ボクにとって何よりも、衝撃だったのが、松井稼頭央さんと岩村明憲さん(タンパベイ・デビルレイズ)のファーストカードである。米国での自主トレでの写真が使われたカードは、トレーニングウェアだが、よく見ると松井さんはメッツのロゴマーク入りの毛糸の帽子、岩村さんはデビルレイズのチームカラーであるグリーンのウェアを着ていた。まるで、入団チームを当てるクイズである。

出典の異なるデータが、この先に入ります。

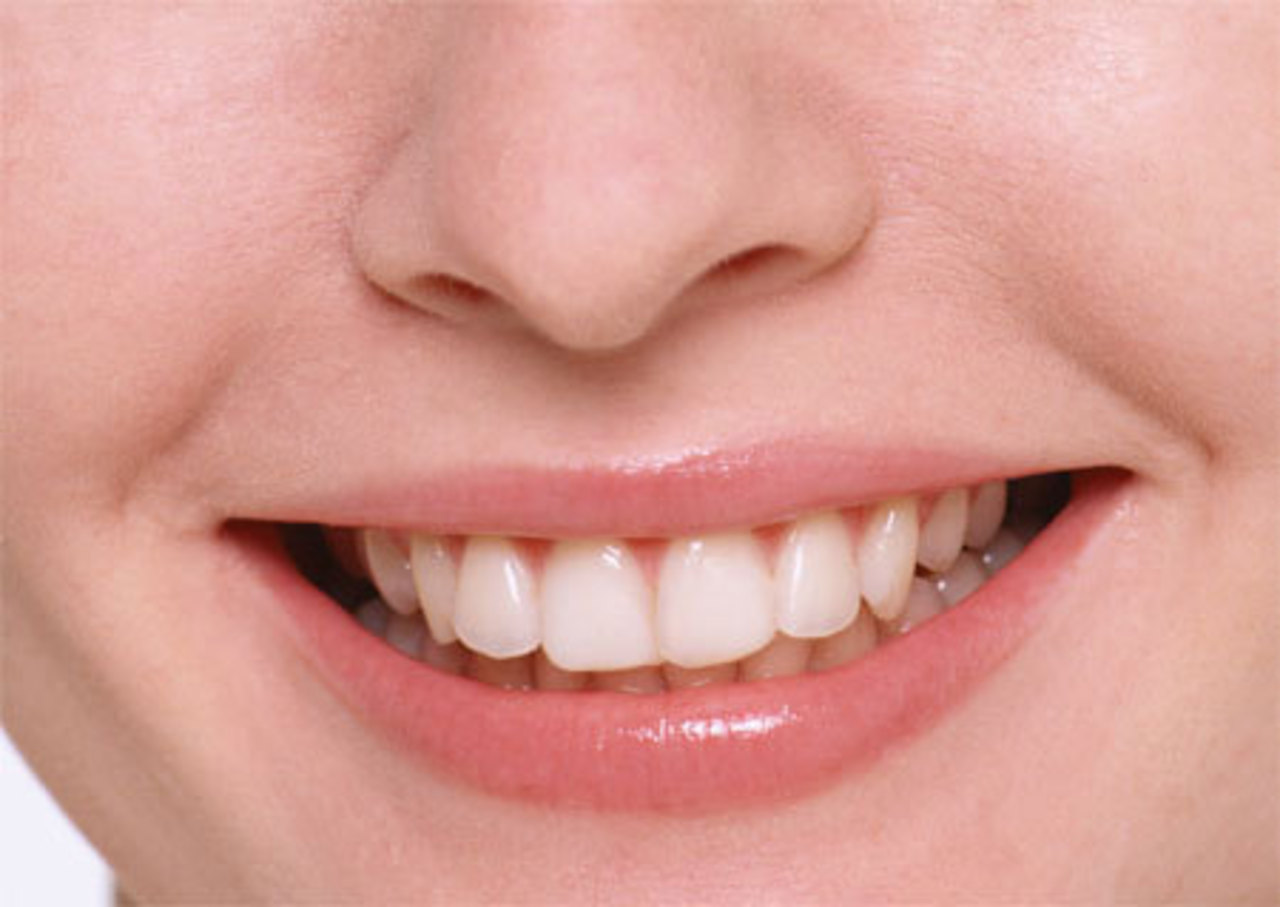 фото dental-parts.ru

そう考えると、やっぱり、大谷翔平投手(ロサンゼルス・エンゼルス)はすごかった。「Topps Now」ではルーキーイヤーの前年、2017年にエンゼルスタジアム前での入団発表の写真が使ったカードが作られた。ルーキーカードのロゴマークの代わりにFAのロゴがある。さらに、2018年にはルーキーカードのロゴマークが入り、自主トレの写真を使ったカードも作られた。マウンドと打席でデビューを果たす前に、入団発表&自主トレのカードが作られる「二刀流」だったのである。
Cove(ライター)
元スポーツ紙ライター。国内外のコレクションアイテムを収集して30年あまり。バブルヘッドのコレクションが自慢で日本唯一のバブルヘッドライター(自称)。トレカはレギュラカードのコンプリと日本人メジャーが中心。